Now, today, tomorrow and always
I've just been looking at last year's interview.
It appears a lot of the supposed highlights are songs we've yet to hear. Most of these quotes are Sam's.
- 'Ha Ha Harlem' is the song easiest to imagine live. It has a lot of lyrics and a lot of musical changes. You also use very high falsetto. I think some people were wondering if you could even sing that way any more. Musically, it is phenomenal,
- M 'I felt scorched by 'Ha Ha Harlem' … we all just looked at each other in astonishment saying 'where the hell did THAT come from?'. 'Ha ha Harlem / where they want to keep you OUT OF YOUR MIND!" … the bass is a ferocious rasp … distorted at times …'
- - 'My Funeral' is beautiful and quite folksy in a 'Half A Person' way … and again … you mention Dwight Frye and Bruce Lee and it's humorously sad. I think this type of song is what you are best at.
- - I Ex-Love You' does unmistakably have a certain Smiths sound.
- The best two tracks are the final two in my opinion, 'Sure Enough, The Telephone Rings' and 'Saint In A Stained Glass Window'. They are so physical that it almost becomes exhausting, and the choirs are … are they real people?
_ _ _ _

A bit worrying that Telephone is described as one of the best two. Not sure if the quote means there's a choir on that one as well as 'Saint'. Wonder what kind of choir. Children's? Interesting that I Ex Love You is described as having a Smiths sound. Would have assumed that Rebels was the most Smithsy.
My Funeral sounds really promising, too.

I think, as enthusiastic as Sam and even M are
at selling these songs, it may be best to wait and actually hear the studio versions to make one’s own judgment.

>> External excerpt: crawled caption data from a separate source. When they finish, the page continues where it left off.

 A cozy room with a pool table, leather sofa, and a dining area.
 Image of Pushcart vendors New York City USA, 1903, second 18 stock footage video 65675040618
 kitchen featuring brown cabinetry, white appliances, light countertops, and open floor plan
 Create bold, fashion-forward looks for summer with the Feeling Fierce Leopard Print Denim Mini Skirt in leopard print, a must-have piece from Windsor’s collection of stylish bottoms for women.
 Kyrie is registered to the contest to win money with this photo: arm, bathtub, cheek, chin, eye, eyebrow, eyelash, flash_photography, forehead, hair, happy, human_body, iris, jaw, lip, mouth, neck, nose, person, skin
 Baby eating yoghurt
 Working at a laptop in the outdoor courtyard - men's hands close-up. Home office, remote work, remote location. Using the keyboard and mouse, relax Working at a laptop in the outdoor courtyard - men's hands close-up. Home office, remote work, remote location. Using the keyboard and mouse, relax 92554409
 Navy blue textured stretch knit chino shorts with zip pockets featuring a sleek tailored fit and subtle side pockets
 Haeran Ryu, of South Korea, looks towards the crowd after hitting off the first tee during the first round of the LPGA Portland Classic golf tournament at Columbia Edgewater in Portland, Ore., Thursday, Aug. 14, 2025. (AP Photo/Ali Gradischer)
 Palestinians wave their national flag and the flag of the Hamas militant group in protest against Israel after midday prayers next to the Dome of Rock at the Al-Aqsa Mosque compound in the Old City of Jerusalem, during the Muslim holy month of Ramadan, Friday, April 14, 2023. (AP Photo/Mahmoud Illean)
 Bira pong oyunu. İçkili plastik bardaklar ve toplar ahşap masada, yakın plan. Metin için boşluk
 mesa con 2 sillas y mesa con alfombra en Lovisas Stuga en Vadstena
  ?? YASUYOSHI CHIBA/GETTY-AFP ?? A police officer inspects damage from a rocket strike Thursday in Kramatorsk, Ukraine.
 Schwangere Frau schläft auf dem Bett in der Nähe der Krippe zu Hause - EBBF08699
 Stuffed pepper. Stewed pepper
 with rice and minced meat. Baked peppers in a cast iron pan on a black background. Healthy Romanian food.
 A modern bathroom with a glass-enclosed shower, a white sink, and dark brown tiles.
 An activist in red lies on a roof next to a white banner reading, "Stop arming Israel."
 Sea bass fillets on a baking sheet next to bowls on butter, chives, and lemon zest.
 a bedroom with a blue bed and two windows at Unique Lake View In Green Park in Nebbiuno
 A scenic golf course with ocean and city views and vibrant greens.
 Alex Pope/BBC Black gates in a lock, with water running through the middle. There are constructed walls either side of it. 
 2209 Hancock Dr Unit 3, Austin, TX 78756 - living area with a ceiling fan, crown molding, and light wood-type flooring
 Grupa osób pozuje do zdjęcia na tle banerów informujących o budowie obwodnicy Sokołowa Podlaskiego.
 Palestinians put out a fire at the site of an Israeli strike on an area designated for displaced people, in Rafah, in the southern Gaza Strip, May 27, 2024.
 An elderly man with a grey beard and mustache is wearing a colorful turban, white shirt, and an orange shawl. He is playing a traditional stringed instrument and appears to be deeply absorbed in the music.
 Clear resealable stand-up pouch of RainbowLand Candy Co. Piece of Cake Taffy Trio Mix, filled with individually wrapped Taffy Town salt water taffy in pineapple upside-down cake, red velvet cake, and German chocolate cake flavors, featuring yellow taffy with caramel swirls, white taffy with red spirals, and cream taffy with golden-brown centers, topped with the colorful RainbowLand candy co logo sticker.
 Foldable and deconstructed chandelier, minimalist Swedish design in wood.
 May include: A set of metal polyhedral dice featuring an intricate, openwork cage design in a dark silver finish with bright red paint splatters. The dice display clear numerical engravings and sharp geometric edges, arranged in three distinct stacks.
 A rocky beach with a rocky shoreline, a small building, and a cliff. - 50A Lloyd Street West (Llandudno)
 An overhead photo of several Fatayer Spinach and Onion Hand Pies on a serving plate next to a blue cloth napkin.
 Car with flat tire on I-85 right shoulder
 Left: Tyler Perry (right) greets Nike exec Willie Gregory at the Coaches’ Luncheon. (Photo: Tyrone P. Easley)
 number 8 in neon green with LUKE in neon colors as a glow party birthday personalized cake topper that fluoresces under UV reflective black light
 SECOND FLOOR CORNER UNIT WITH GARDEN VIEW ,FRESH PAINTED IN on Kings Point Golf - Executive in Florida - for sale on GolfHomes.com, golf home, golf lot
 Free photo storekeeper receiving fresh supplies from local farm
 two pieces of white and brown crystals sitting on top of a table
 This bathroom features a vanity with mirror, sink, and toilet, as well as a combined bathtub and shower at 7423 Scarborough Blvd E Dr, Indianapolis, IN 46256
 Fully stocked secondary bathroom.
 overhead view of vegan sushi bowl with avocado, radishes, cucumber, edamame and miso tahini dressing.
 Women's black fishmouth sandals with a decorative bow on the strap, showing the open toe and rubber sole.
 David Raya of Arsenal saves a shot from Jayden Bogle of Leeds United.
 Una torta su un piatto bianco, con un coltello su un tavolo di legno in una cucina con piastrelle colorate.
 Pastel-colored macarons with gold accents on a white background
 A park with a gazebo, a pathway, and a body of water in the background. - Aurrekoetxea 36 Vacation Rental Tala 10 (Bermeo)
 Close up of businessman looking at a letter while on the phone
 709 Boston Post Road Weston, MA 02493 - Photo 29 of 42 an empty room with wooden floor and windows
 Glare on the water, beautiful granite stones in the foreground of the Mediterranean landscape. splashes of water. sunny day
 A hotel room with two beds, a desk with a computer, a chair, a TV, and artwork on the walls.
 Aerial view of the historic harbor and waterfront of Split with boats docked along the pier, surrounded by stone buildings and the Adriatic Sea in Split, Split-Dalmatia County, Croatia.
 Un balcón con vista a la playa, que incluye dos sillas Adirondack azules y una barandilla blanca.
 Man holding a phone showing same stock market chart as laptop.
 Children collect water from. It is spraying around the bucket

but will we even hear this record by the UK dates? Maybe a winter release :( hope I’m wrong.
 

Dirk Blaggard

Well-Known Member
I've just been looking at last year's interview.
It appears a lot of the supposed highlights are songs we've yet to hear. Most of these quotes are Sam's.
- 'Ha Ha Harlem' is the song easiest to imagine live. It has a lot of lyrics and a lot of musical changes. You also use very high falsetto. I think some people were wondering if you could even sing that way any more. Musically, it is phenomenal,
- M 'I felt scorched by 'Ha Ha Harlem' … we all just looked at each other in astonishment saying 'where the hell did THAT come from?'. 'Ha ha Harlem / where they want to keep you OUT OF YOUR MIND!" … the bass is a ferocious rasp … distorted at times …'
- - 'My Funeral' is beautiful and quite folksy in a 'Half A Person' way … and again … you mention Dwight Frye and Bruce Lee and it's humorously sad. I think this type of song is what you are best at.
- - I Ex-Love You' does unmistakably have a certain Smiths sound.
- The best two tracks are the final two in my opinion, 'Sure Enough, The Telephone Rings' and 'Saint In A Stained Glass Window'. They are so physical that it almost becomes exhausting, and the choirs are … are they real people?
_ _ _ _

A bit worrying that Telephone is described as one of the best two. Not sure if the quote means there's a choir on that one as well as 'Saint'. Wonder what kind of choir. Children's? Interesting that I Ex Love You is described as having a Smiths sound. Would have assumed that Rebels was the most Smithsy.
My Funeral sounds really promising, too.
Yes, thank you for putting this up. I reread that interview the other day. It did make me look forward to the LP more
I tend to think there is lots to look forward to with the LP
It did make me think though, its amusing that M did that open letter to Johnny, yet has Rebel which is smiths sounding to the point of parody - when we say smiths sounding, we often mean Johnnys parts, its that guitar that sounds like Cemetery Gates (as others have said)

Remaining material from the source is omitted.